### Deep Sentiment Analysis Tutorial

### Setup GPU
- On Google Colab make sure you select Python 3/GPU runtime before running the code

In [1]:
%env CUDA_VISIBLE_DEVICES=0

env: CUDA_VISIBLE_DEVICES=0


### Download Data

In [2]:
# !mkdir data/
# !wget https://ai.stanford.edu/~amaas/data/sentiment/aclImdb_v1.tar.gz -P data/

In [3]:
# %%time
# !tar -xzf data/aclImdb_v1.tar.gz -C data/

### Imports

In [4]:
import os
import re
import nltk
from collections import Counter
from tqdm import tqdm_notebook
import numpy as np
import tensorflow as tf
from tensorflow.contrib import seq2seq
from tensorflow.contrib.rnn import DropoutWrapper
import random

In [60]:
from sklearn.metrics import accuracy_score, f1_score, precision_score, recall_score

In [5]:
nltk.download('punkt')

[nltk_data] Downloading package punkt to /home/bishal/nltk_data...
[nltk_data]   Package punkt is already up-to-date!


True

In [6]:
MAX_SEQ_LEN = 50
BATCH_SIZE = 64

In [7]:
class Lang:
    def __init__(self, counter, vocab_size):
        self.word2id = {}
        self.id2word = {}
        self.pad = "<PAD>"
        self.sos = "<SOS>"
        self.eos = "<EOS>"
        self.unk = "<UNK>"
        
        self.ipad = 0
        self.isos = 1
        self.ieos = 2
        self.iunk = 3
        
        self.word2id[self.pad] = 0
        self.word2id[self.sos] = 1
        self.word2id[self.eos] = 2
        self.word2id[self.unk] = 3
        
        self.id2word[0] = self.pad
        self.id2word[1] = self.sos
        self.id2word[2] = self.eos
        self.id2word[3] = self.unk
        
        curr_id = 4
        for w, c in counter.most_common(vocab_size):
            self.word2id[w] = curr_id
            self.id2word[curr_id] = w
            curr_id += 1
    
    def encodeSentence(self, wseq, max_len=-1):
        # wseq = nltk.tokenize.word_tokenize(s.lower().strip())
        if max_len == -1:
            return [self.word2id[w] if w in self.word2id else self.iunk for w in wseq]
        else:
            return ([self.word2id[w] if w in self.word2id else self.iunk for w in wseq] + [self.ieos] + [self.ipad]*max_len)[:max_len]
        
    def encodeSentence2(self, wseq, max_len=-1):
        # wseq = nltk.tokenize.word_tokenize(s.lower().strip()) 
        return min(max_len, len(wseq)+1), \
            ([self.word2id[w] if w in self.word2id else self.iunk for w in wseq] + \
                [self.ieos] + [self.ipad]*max_len)[:max_len]
    
    def decodeSentence(self, id_seq):
        id_seq = np.array(id_seq + [self.ieos])
        j = np.argmax(id_seq==self.ieos)
        s = ' '.join([self.id2word[x] for x in id_seq[:j]])
        s = s.replace(self.unk, "UNK")
        return s

### Let's read in the data

In [8]:
data_folder = 'data/aclImdb/'

In [9]:
rp = os.path.join(data_folder, 'train/pos')
train_positive = [os.path.join(rp, f) for f in os.listdir(rp)]
rp = os.path.join(data_folder, 'train/neg')
train_negative = [os.path.join(rp, f) for f in os.listdir(rp)]

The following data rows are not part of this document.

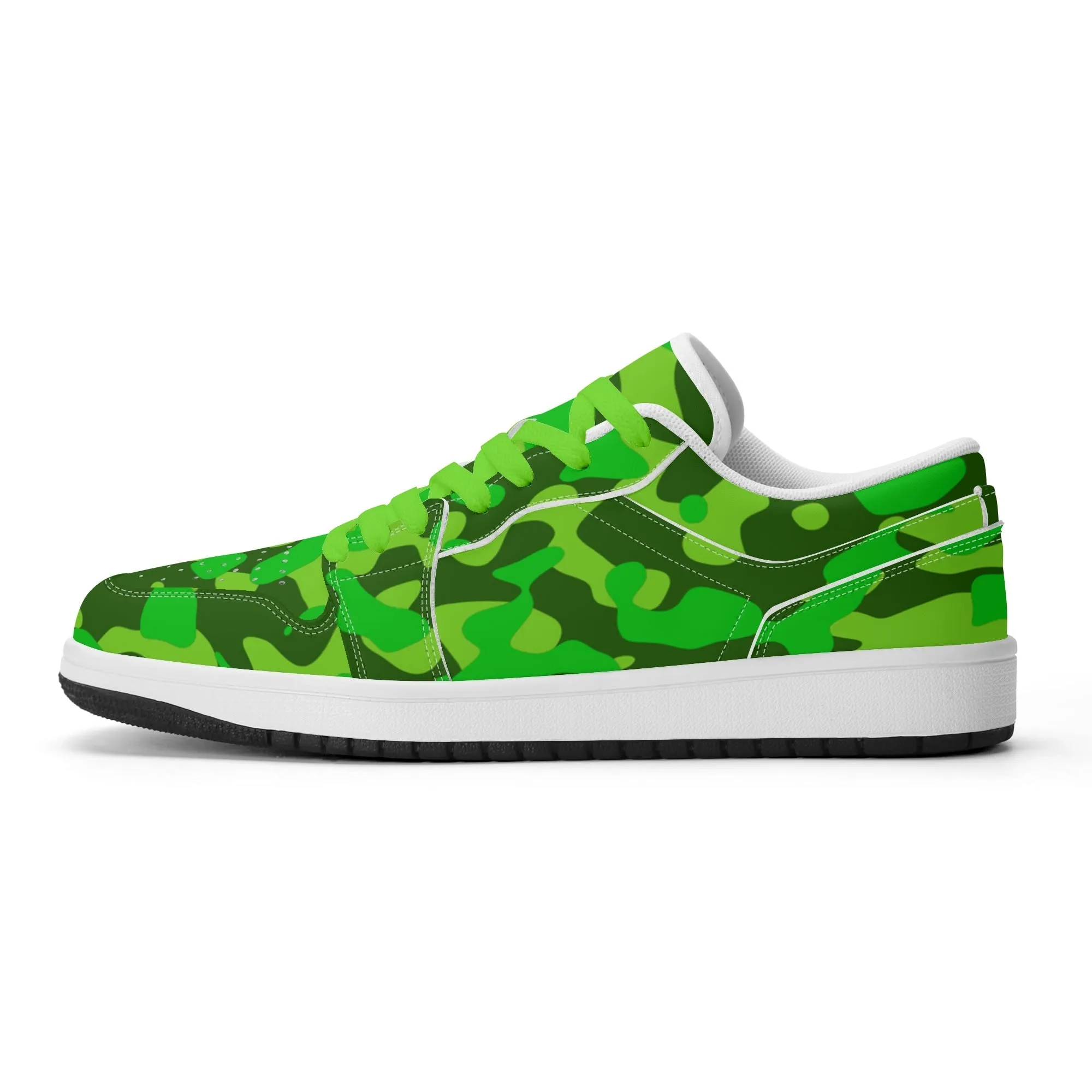 Lime Green Camouflage Low Top Leder Sneaker für Damen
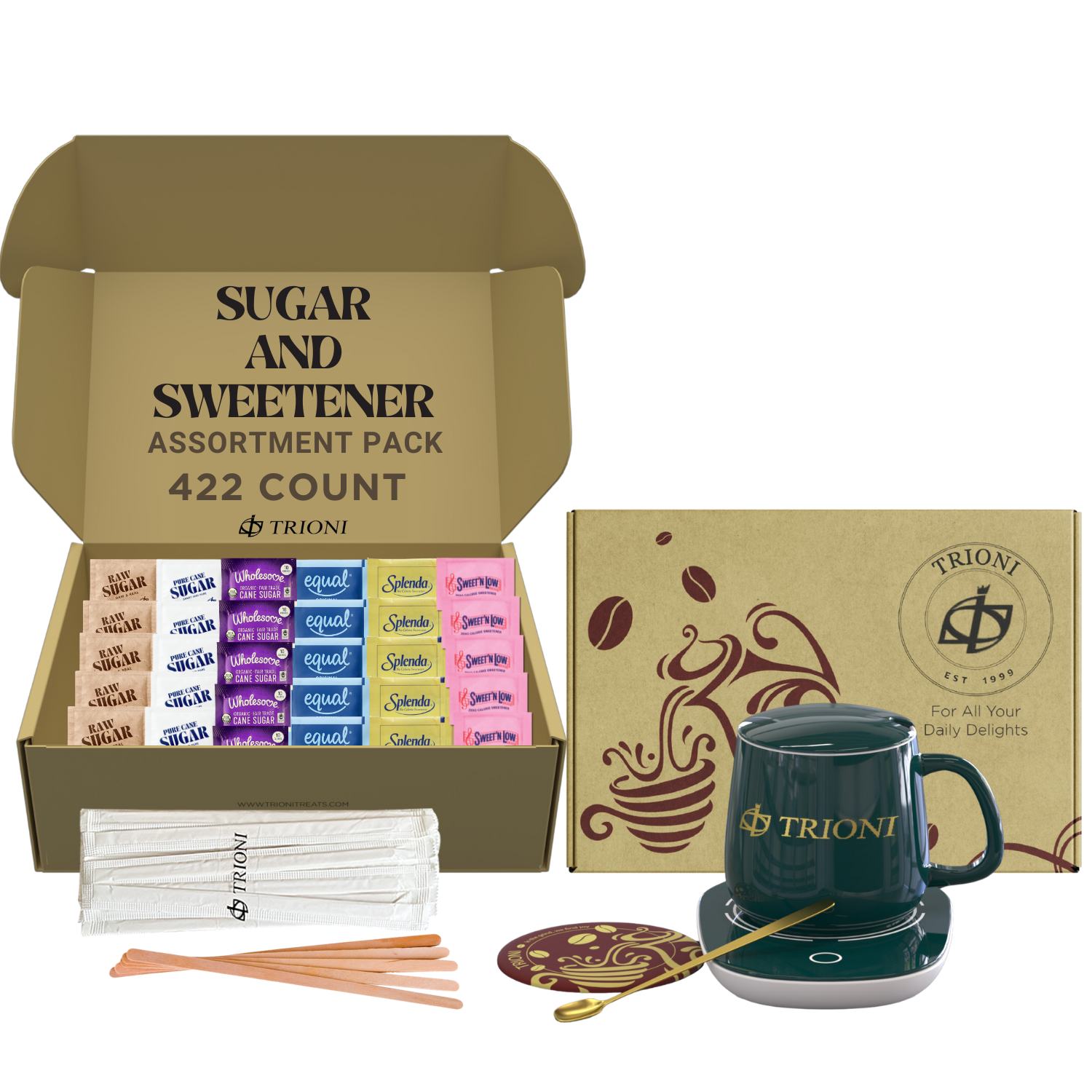 Sugar Packets and Sweetener Packets Variety Pack - 422ct - Splenda, Equal, Sweet n Low, Stevia, Trioni, Wholesome and Organic Sugar in the Raw - TRIONI Treats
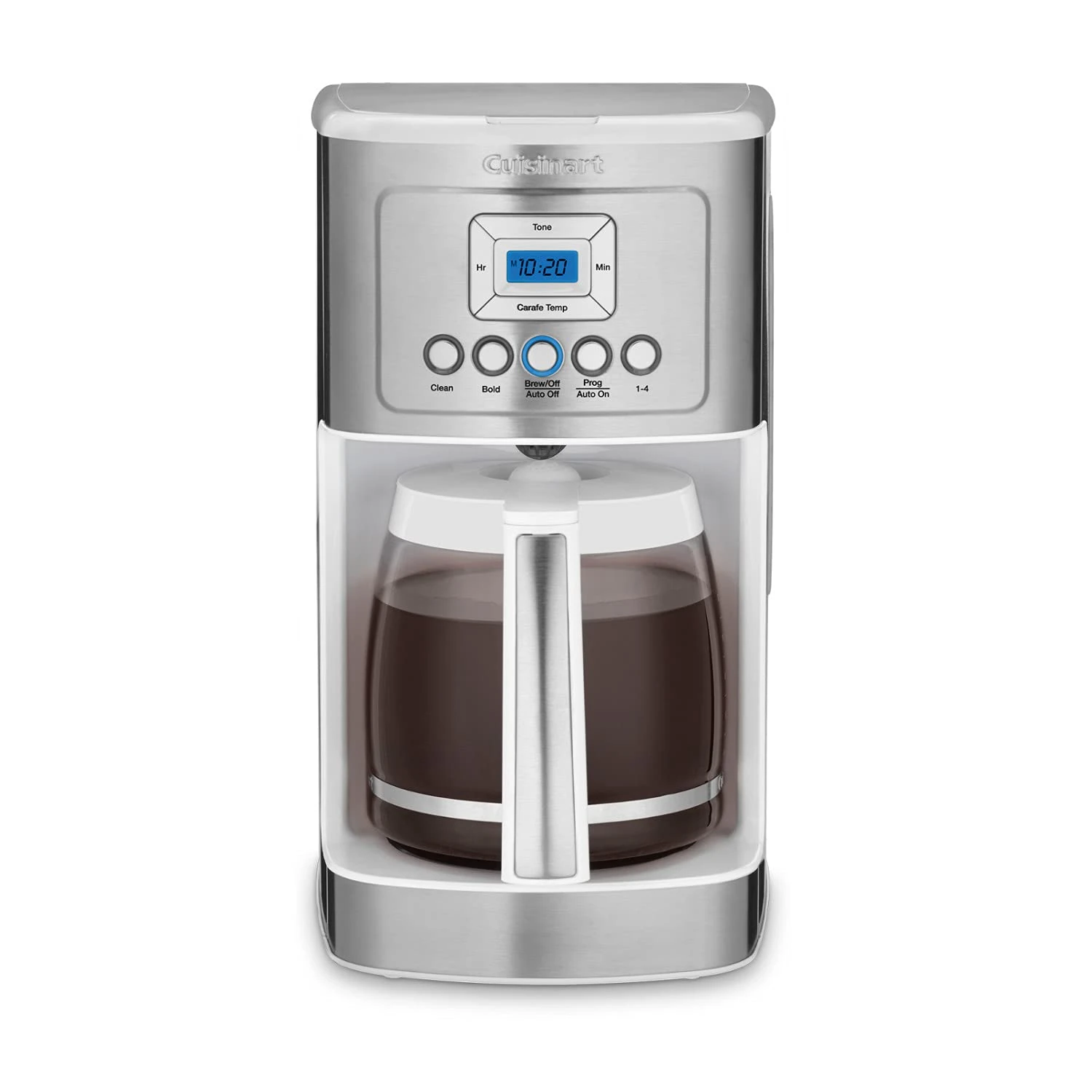 Cuisinart DCC-3200WP1 Perfectemp Coffee Maker, Stainless Steel, White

rp = os.path.join(data_folder, 'test/pos')
test_positive = [os.path.join(rp, f) for f in os.listdir(rp)]
rp = os.path.join(data_folder, 'test/neg')
test_negative = [os.path.join(rp, f) for f in os.listdir(rp)]

#### Limit number of samples
To quickly train a small model, consider setting n_train and n_test to some relatively small numbers e.g. `1000`. Set, 
`n_train = n_test = -1` to use all the samples available.

In [91]:
n_train = 10000
n_test = 2500

In [92]:
re_html_cleaner = re.compile(r"<.*?>")

In [93]:
en_counter = Counter()
train_data = []
for _fname in tqdm_notebook(train_positive[:n_train], desc="Crunching +ve samples: "):
    with open(_fname) as f:
        text = f.read().strip()
        text = re_html_cleaner.sub(" ", text)
        wseq = nltk.tokenize.word_tokenize(text.lower())
        en_counter += Counter(wseq)
        train_data.append((wseq, 1))
        
for _fname in tqdm_notebook(train_negative[:n_train], desc="Crunching -ve samples: "):
    with open(_fname) as f:
        text = f.read().strip()
        text = re_html_cleaner.sub(" ", text)
        wseq = nltk.tokenize.word_tokenize(text.lower())
        en_counter += Counter(wseq)
        train_data.append((wseq, 0))

HBox(children=(IntProgress(value=0, description='Crunching +ve samples: ', max=10000, style=ProgressStyle(desc…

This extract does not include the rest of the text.